Inputs
Example data table
| Scenario | Drive | Speed | Gear | Mass | Key input | Typical result |
|---|---|---|---|---|---|---|
| Indexing table | Rotary | 60 rpm | 5:1 | 5 kg | Jload 1.0e-4 kg·m² | Peak torque rises during acceleration |
| Belt axis | Belt | 200 mm/s | 1:1 | 8 kg | Radius 20 mm, μ 0.1 | RMS torque depends on dwell holding |
| Slide with screw | Lead screw | 150 mm/s | 2:1 | 10 kg | Lead 5 mm/rev, 40% eff | Torque increases strongly with low screw efficiency |
Formula used
- Angular speed: ω = rpm · 2π / 60
- Motor speed with reduction: ωm = ωL · N
- Reflected inertia: Jref = JL / N²
- Total motor-side inertia: JT = Jm + Jref
- Acceleration torque: Tacc = JT · α, with α = ωm/tacc
- Load torque at motor: Tload,m = Tload,L / (N · η)
- Belt torque from force: Tload,L = F · r
- Screw torque from force: Tload,L = F · lead / (2π · ηs)
- RMS torque: TRMS = √(Σ(T²·t)/Σt)
- Recommended torque: Trec = safety · T
How to use this calculator
- Select a drive type that matches your mechanism.
- Enter gear ratio and efficiency for your transmission.
- Fill in the motion profile: speed and timing segments.
- Provide mass, incline, friction, and any external force.
- Add pulley radius or lead screw parameters if needed.
- Enter motor inertia and load inertia, or estimate it.
- Click Calculate torque to view RMS and peak results.
- Download CSV or PDF for documentation and sharing.
FAQs
1) What is the difference between RMS and peak torque?
Peak torque is the highest momentary requirement, usually during acceleration or braking. RMS torque is the heating-equivalent average over the whole cycle. Size continuous capability from RMS, and check peak capability against the maximum value.
2) Why does low efficiency increase required torque?
Losses convert some motor power into heat in gears, belts, or screws. The motor must supply extra torque so the load still receives the needed torque.
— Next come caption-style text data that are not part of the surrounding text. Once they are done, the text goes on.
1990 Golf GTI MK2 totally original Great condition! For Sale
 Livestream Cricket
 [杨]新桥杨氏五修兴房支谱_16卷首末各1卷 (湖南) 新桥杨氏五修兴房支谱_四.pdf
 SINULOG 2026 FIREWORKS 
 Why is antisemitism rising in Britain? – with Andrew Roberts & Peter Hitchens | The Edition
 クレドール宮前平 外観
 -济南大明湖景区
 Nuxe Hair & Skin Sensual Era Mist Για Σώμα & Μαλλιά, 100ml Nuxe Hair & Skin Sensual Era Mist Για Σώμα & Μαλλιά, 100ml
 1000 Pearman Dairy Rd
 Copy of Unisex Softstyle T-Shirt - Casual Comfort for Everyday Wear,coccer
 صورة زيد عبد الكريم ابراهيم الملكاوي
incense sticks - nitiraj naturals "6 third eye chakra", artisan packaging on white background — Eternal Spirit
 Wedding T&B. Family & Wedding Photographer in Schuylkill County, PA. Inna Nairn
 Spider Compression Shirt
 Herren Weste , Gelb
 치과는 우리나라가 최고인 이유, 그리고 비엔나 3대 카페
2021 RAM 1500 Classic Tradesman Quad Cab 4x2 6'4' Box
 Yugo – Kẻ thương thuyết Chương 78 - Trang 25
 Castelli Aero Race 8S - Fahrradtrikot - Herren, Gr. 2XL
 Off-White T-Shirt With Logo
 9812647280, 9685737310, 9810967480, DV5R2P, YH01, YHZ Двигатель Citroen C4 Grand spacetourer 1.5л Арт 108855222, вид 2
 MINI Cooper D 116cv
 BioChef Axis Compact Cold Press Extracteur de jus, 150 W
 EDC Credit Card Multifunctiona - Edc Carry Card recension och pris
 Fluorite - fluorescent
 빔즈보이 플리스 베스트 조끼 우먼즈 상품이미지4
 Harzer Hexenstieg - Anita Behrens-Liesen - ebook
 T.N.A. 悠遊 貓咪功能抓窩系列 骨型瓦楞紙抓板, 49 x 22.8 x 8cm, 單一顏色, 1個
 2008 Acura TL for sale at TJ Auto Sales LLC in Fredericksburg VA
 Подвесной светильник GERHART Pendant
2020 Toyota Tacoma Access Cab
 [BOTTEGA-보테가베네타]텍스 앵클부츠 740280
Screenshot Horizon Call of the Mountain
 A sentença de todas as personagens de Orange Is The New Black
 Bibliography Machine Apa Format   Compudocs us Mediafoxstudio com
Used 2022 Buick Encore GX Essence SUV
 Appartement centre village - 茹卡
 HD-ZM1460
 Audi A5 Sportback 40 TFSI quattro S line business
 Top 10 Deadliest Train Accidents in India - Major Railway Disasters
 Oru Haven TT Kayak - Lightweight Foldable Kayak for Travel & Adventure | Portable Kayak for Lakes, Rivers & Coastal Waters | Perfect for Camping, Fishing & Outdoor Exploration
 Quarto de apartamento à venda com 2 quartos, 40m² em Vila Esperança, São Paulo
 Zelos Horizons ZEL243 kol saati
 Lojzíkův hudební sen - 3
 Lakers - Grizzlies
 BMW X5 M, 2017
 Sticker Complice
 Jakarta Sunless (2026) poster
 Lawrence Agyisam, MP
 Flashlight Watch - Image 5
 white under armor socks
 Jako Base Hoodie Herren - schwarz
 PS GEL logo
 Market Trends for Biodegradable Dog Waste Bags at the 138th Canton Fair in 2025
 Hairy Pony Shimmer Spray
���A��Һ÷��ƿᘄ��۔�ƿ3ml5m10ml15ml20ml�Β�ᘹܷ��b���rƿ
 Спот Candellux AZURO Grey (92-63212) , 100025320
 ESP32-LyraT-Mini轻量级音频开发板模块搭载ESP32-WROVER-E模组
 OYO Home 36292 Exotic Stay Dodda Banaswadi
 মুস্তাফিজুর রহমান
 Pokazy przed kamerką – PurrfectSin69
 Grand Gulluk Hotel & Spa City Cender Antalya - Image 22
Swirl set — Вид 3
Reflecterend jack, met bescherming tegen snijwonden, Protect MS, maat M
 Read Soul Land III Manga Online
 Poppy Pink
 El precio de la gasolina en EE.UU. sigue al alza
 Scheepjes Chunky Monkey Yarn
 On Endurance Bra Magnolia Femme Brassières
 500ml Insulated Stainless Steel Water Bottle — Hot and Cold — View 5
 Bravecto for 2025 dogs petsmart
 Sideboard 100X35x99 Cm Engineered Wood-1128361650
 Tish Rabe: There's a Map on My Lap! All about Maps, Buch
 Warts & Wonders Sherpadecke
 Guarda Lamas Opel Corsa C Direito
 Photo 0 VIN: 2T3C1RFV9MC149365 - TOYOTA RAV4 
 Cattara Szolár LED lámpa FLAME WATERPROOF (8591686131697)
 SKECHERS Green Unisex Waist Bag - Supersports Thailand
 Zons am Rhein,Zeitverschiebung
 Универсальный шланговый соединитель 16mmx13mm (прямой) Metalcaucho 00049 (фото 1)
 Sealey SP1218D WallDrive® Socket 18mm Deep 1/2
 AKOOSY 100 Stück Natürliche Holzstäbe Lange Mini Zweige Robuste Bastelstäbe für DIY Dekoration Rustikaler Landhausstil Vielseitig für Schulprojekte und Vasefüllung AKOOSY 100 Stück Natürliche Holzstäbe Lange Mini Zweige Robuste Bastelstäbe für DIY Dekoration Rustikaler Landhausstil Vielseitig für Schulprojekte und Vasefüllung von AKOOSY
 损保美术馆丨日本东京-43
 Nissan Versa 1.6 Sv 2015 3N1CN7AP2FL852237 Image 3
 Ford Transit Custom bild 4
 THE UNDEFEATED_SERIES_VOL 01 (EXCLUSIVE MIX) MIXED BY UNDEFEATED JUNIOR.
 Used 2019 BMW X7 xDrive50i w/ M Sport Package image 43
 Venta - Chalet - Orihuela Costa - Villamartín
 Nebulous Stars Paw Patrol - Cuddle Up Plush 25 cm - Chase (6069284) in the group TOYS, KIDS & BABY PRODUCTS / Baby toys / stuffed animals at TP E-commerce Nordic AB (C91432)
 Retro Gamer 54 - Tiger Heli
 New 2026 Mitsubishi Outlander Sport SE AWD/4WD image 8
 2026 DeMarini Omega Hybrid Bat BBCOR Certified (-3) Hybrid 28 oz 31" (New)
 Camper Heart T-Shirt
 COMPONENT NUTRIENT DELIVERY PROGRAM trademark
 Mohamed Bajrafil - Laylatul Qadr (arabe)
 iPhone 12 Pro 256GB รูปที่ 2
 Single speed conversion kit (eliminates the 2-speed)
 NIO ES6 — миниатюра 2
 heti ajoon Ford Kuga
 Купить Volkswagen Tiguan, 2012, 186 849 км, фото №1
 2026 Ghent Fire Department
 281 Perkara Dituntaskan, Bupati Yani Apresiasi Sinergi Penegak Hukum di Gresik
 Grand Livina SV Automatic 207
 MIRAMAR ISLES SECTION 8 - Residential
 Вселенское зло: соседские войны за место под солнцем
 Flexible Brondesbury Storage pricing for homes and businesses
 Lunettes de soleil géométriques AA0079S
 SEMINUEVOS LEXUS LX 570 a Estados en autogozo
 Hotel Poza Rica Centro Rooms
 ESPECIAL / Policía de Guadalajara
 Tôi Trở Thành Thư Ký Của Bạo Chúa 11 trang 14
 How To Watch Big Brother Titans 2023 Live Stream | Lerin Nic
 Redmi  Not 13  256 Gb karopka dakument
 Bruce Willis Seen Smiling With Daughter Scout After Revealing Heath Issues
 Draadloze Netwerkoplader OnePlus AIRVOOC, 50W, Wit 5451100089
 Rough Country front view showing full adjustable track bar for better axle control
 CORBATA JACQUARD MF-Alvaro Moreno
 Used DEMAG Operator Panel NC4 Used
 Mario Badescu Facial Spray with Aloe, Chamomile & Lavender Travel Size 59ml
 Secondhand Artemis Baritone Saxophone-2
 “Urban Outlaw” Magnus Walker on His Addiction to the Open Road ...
A small drop in efficiency can produce a noticeable torque increase.
3) How should I choose a safety factor?
Use a factor that covers uncertainty in friction, payload variation, and modeling error. Many designs start near 1.3. Increase it for harsh environments, wear, or unknown duty cycles, and reduce it only with verified measurements.
4) What does inertia ratio mean for servo sizing?
It compares reflected load inertia to motor inertia. High ratios can reduce responsiveness, increase settling time, and stress the control loop. More reduction, a stiffer mechanism, or a larger motor inertia can improve stability.
5) When should I use belt versus lead screw calculations?
Use belt when linear motion is produced by a pulley radius. Use lead screw when translation is produced by screw lead. Screw efficiency matters a lot, especially for sliding screws, so include a realistic value for accurate torque estimates.
6) Does this include gravity for vertical axes?
Yes. Set the incline angle to 90 degrees for upward motion against gravity. If your axis can be back-driven, consider holding torque during dwell. If you use a brake or counterbalance, adjust the model accordingly.
7) Why can the deceleration torque be negative?
During braking, the required inertia torque reverses direction. The motor may need to absorb energy, often through regeneration or a resistor. Peak value is taken by magnitude, because the amplifier must handle both motoring and braking demands.
8) What inputs most strongly affect the torque result?
Acceleration time, gear ratio, efficiency, and reflected inertia are usually dominant. For linear axes, mass and incline angle add large steady forces. For screws, efficiency and lead are critical. Use measured friction when possible for best accuracy.